Four RenewAire ERVs serve various parts of the building. Two smaller units capable of up to 2,500 CFM each are used, as are two units with capacities of 4,000 CFM. With VFD-powered fans, the units can modulate as low as 15 percent.

“A pre-programmed occupancy schedule ensures constant minimum ventilation while the building is in use,” said Ellis. “A VAVD iWorx module gathers data from CO2 sensors in each room. When the level reaches 1,000 PPM, the ERVs ramp up accordingly.”

To supplement each ERV, Rogers & Sons installed a separated-combustion Modine duct furnace.

“When the outdoor air temperature falls below the ERVs’ ability to maintain supply air at 69°F, the Modine furnaces pick up the slack,” explained Metzler. “We expect this to occur when outdoor temps hit 10°F.” 

The duct furnaces were selected based on their flexibility, both in regard to installation and heat input. The separated combustion units supply a temperature rise anywhere between 20°F and 100°F, can modulate between 40 and 100 percent, and are available in sizes between 75 and 400 MBH.

Installed downstream of the ERV core, the modulating duct furnaces will fire only high enough to bring the makeup air to neutral building temperature. With this setup, efficient ventilation is provided without raising the load on the radiant system at all.

Against the grain

Despite the marathon commute, the debilitating cold in early stages of the project, and architectural considerations that made the job more complex, Rogers & Sons finished their work three weeks ahead of schedule.

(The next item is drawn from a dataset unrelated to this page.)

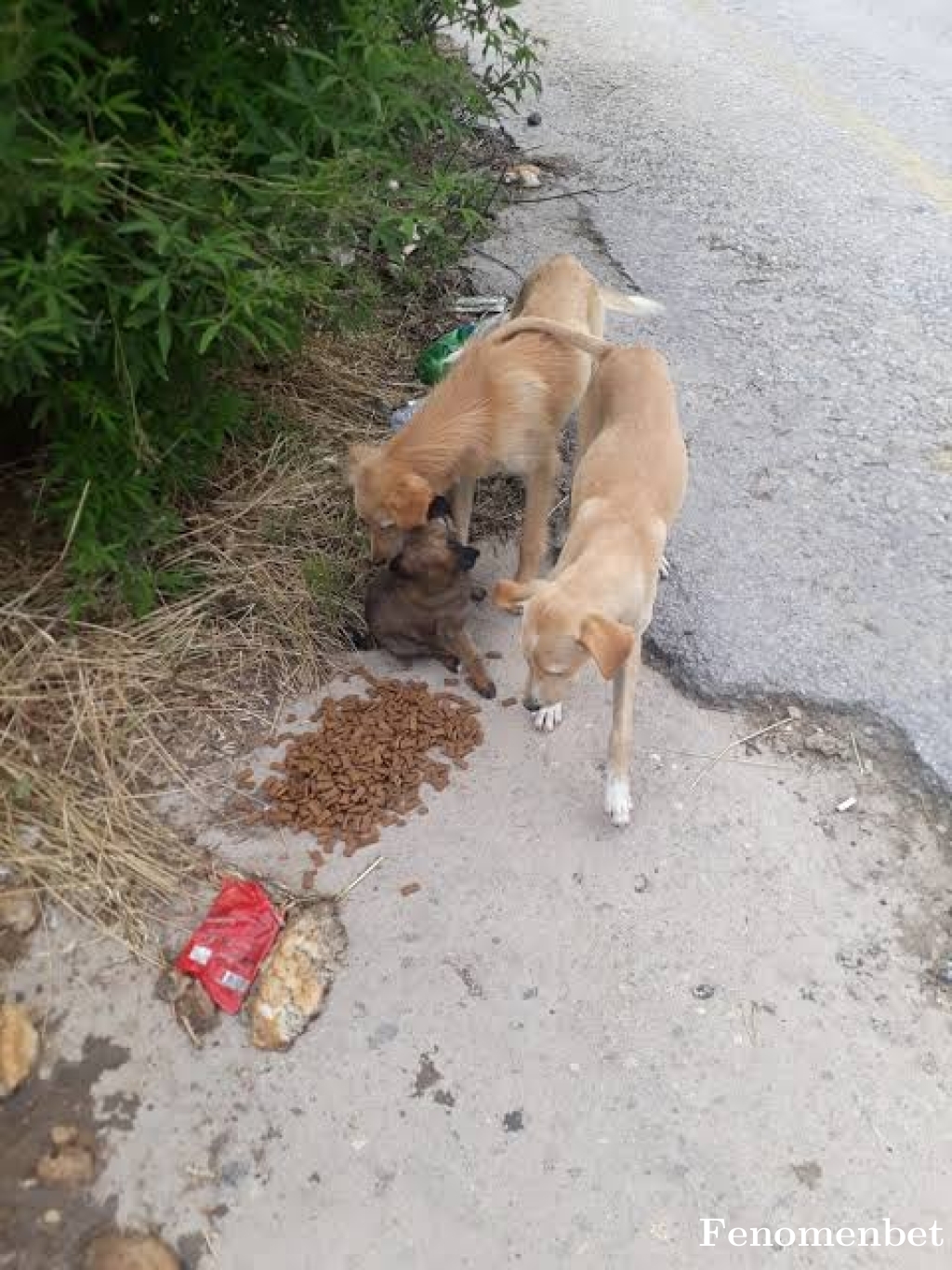 Saboreis tarafından paylaşıldı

The building was ready for students in the beginning of the 2015/2016 school year.

“This job went smoothly because of two key factors,” said Ellis. “Careful preparation and familiarity with the products we selected.” Rogers & Sons has been serving the far reaches of Colorado since 1978 and has grown accustomed to the challenges that the big, wild territory can conjure up. 

“Creede needed a new school,” said Hosselkus. “The old one is a log, and built in 1952.  Some of the wood has rotted beyond repair. The new school is plenty big and fancy enough for Creede, but it looks like it’ll serve the town well for a mighty long time.”